[Saved entries]
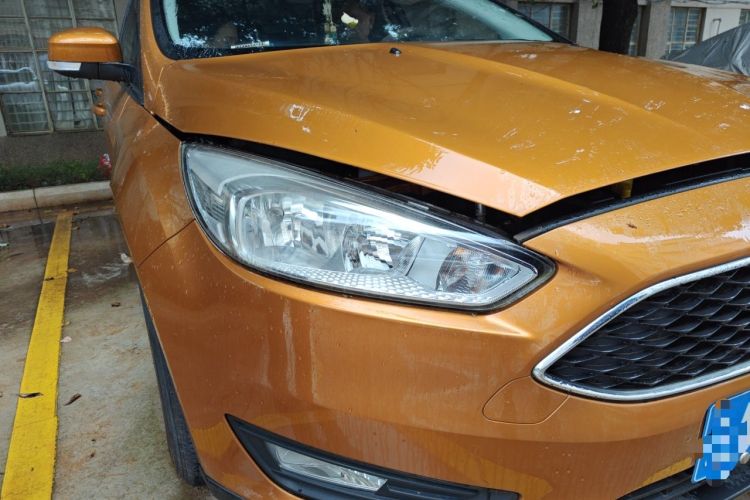 Used Ford Focus 2015 Hatchback 1.6L Manual Comfort Edition Right Front Headlight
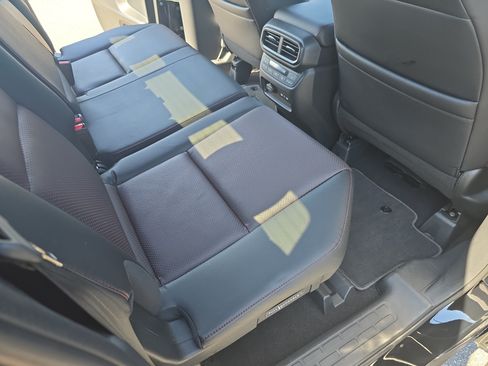 Certified 2025 Honda Ridgeline Black Edition image 11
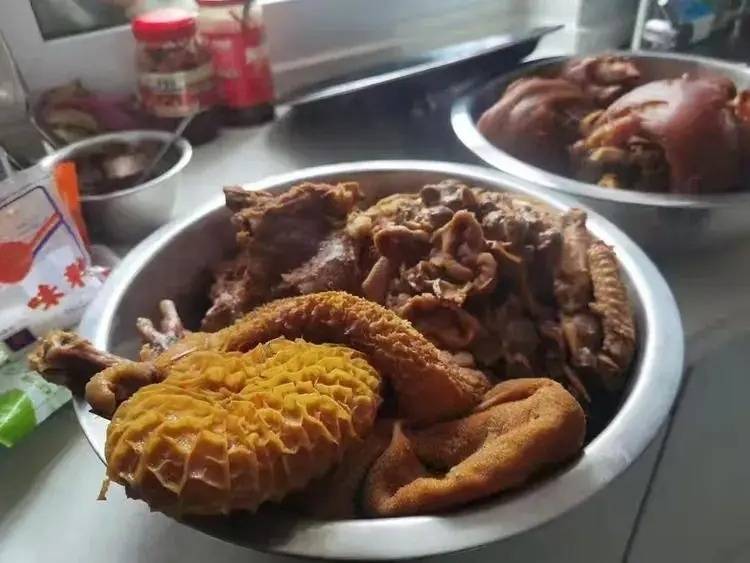 原創詩歌：紅紅火火過大年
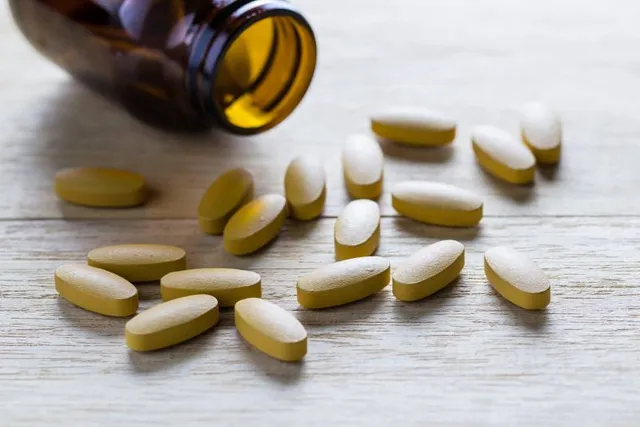 Can Dogs Take Human Vitamins? Vet-Approved Facts & FAQs
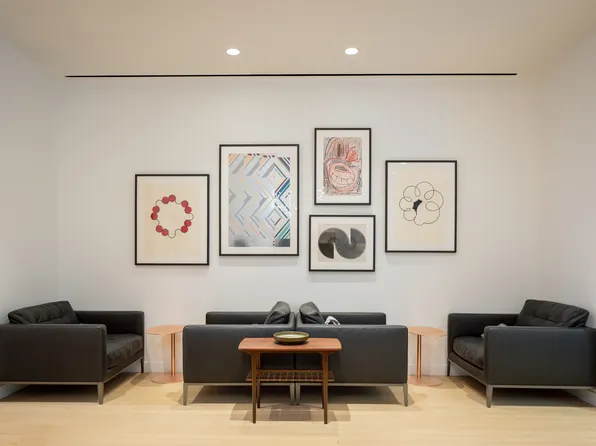 234 East 46th Street image 14 of 20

EXERCISE
What is needed is every record above printed exactly, with no pictures.

ANSWER FOR THE TASK
 Used Ford Focus 2015 Hatchback 1.6L Manual Comfort Edition Right Front Headlight
 Certified 2025 Honda Ridgeline Black Edition image 11
 原創詩歌：紅紅火火過大年
 Can Dogs Take Human Vitamins? Vet-Approved Facts & FAQs
 234 East 46th Street image 14 of 20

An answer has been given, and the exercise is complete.